» **Available data**
BEGIN
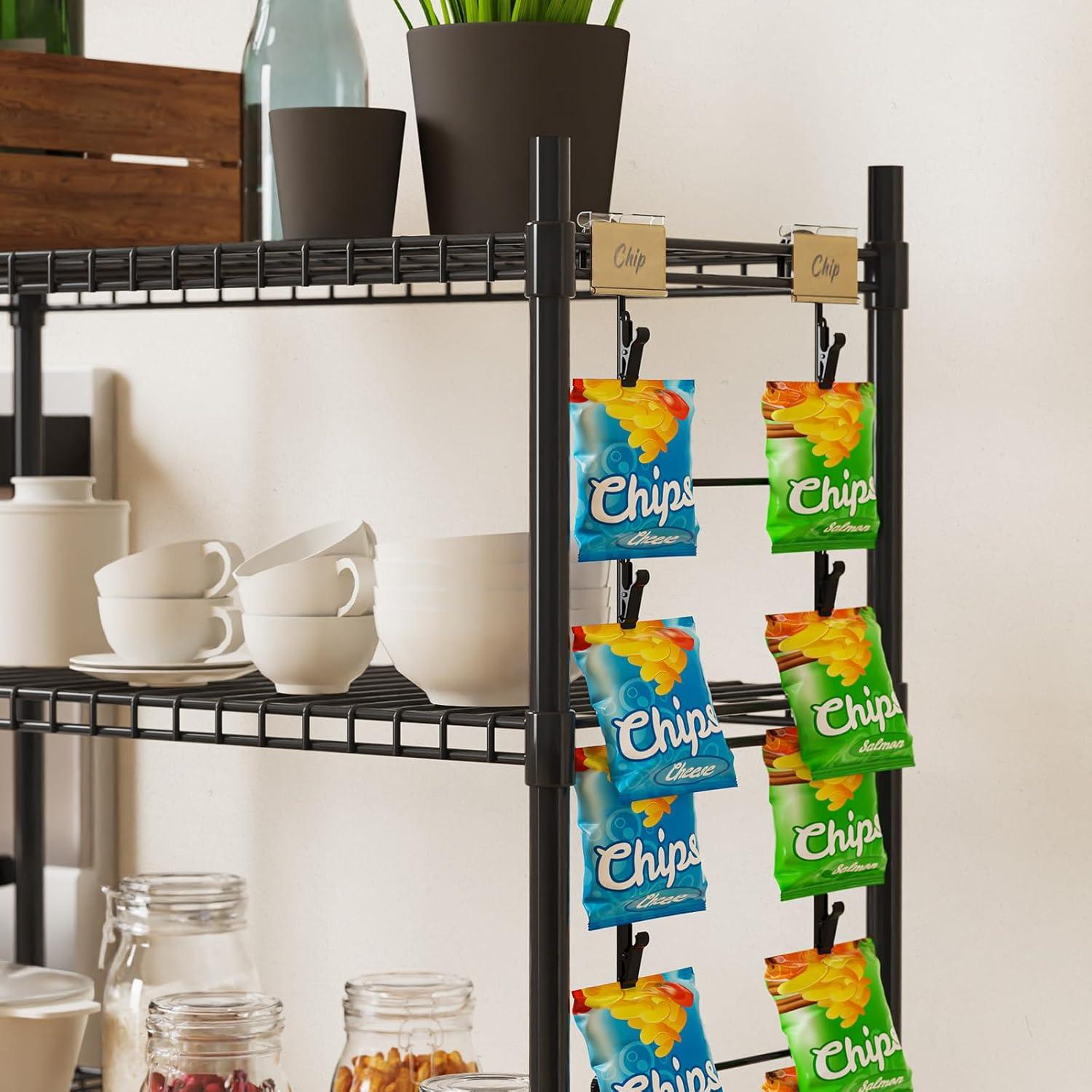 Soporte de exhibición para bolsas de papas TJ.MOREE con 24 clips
END
BEGIN
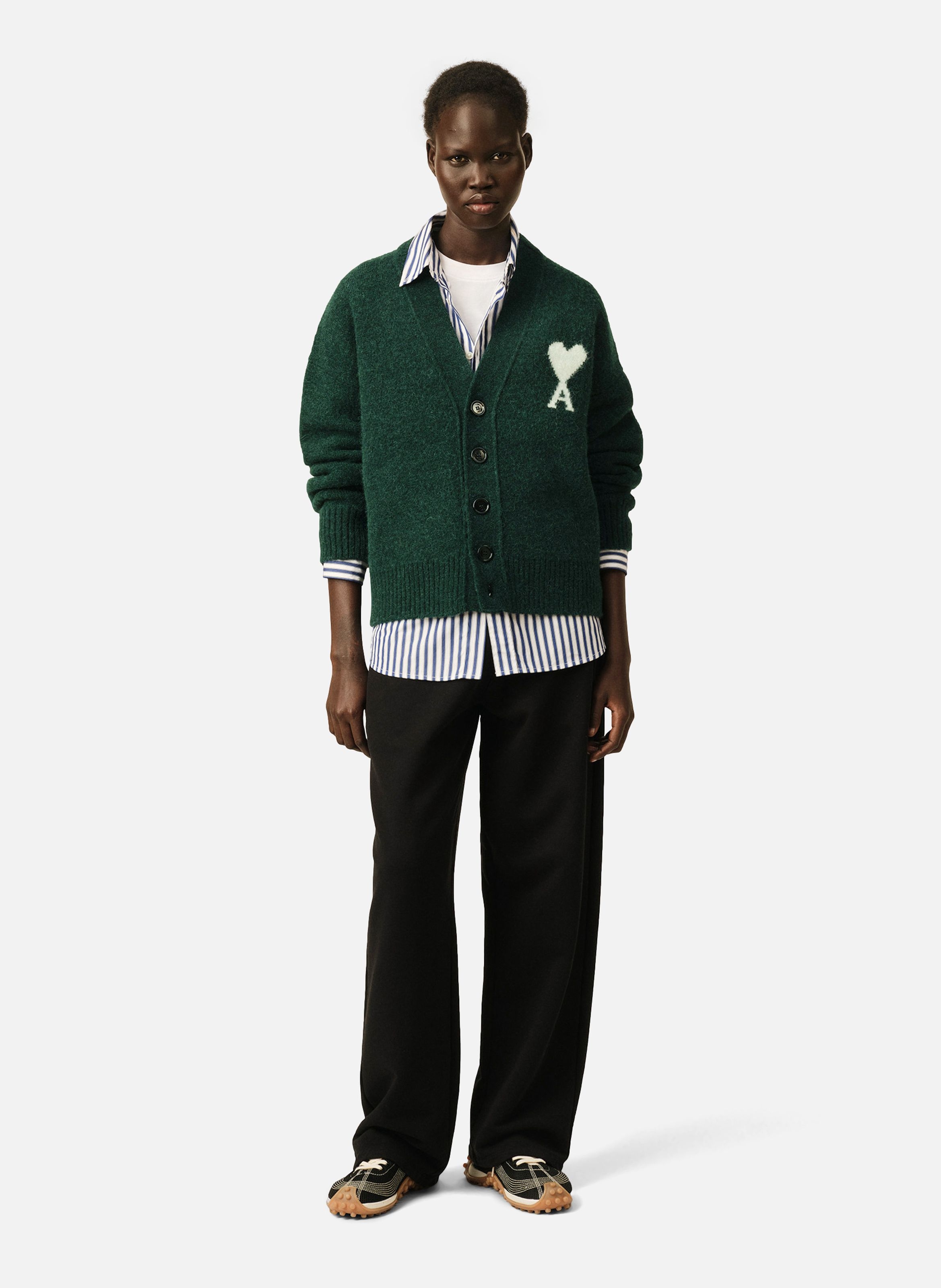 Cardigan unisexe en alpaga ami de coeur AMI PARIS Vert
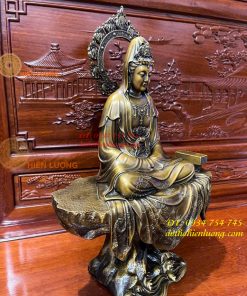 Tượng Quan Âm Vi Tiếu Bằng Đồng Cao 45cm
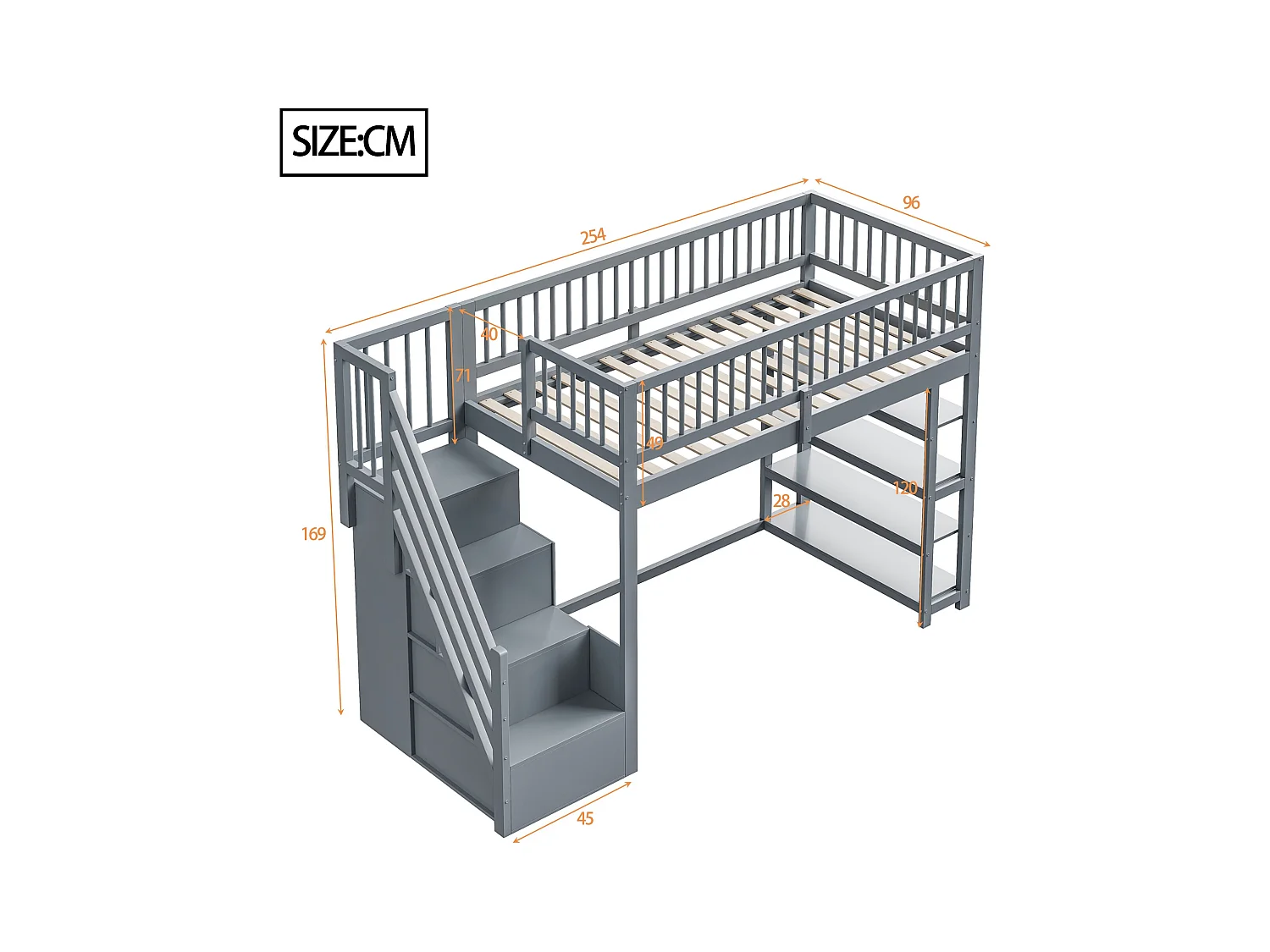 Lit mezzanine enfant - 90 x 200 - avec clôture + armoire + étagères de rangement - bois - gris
END
BEGIN
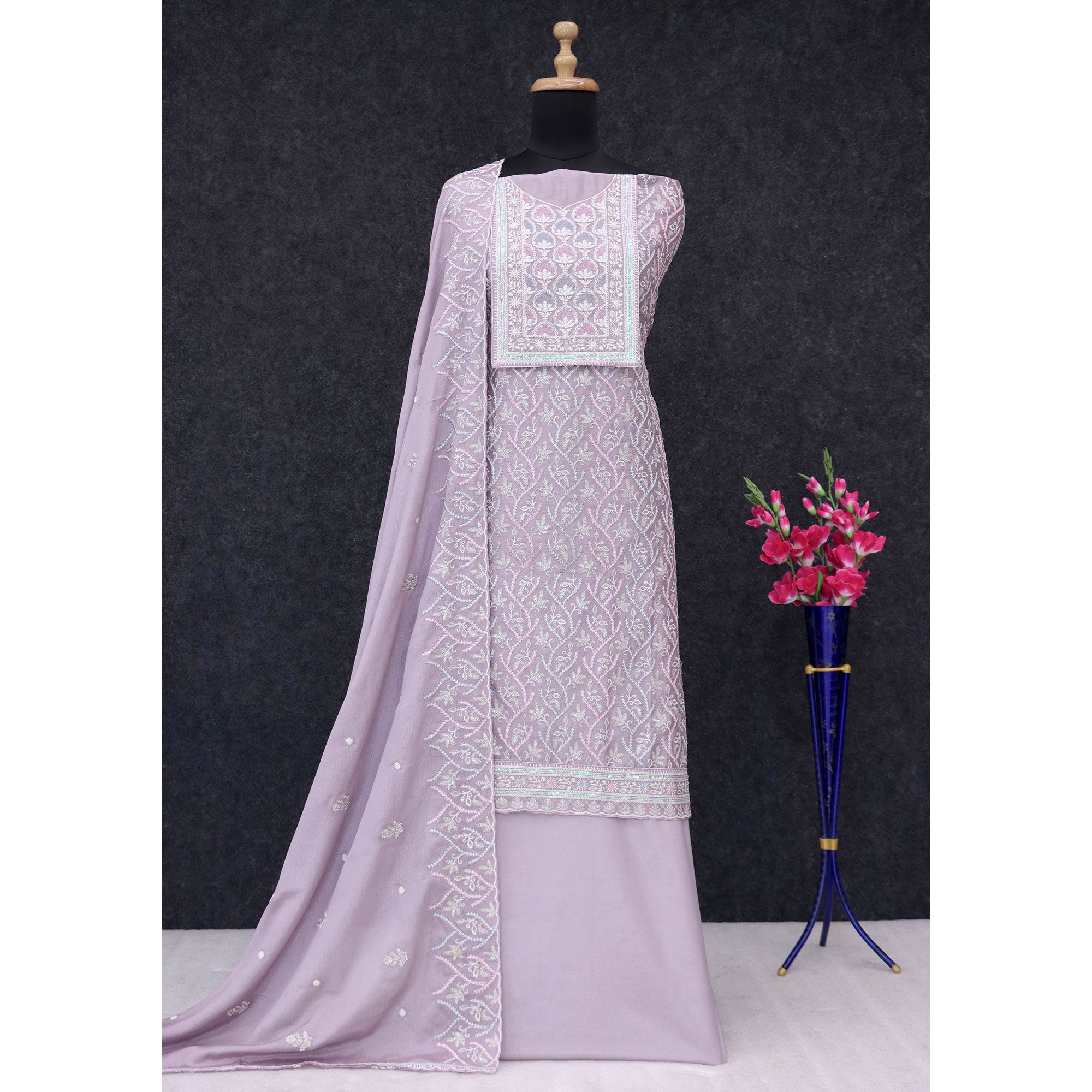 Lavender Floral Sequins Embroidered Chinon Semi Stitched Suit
END
» **What you have to do**
Each line above from the one containing "Tượng Quan Âm Vi Tiếu Bằng Đồng Cao 45cm" through the one containing "Lit mezzanine enfant" is to be returned verbatim. Nothing else, and no pictures.

» **Output of the exercise**
 Tượng Quan Âm Vi Tiếu Bằng Đồng Cao 45cm
 Lit mezzanine enfant - 90 x 200 - avec clôture + armoire + étagères de rangement - bois - gris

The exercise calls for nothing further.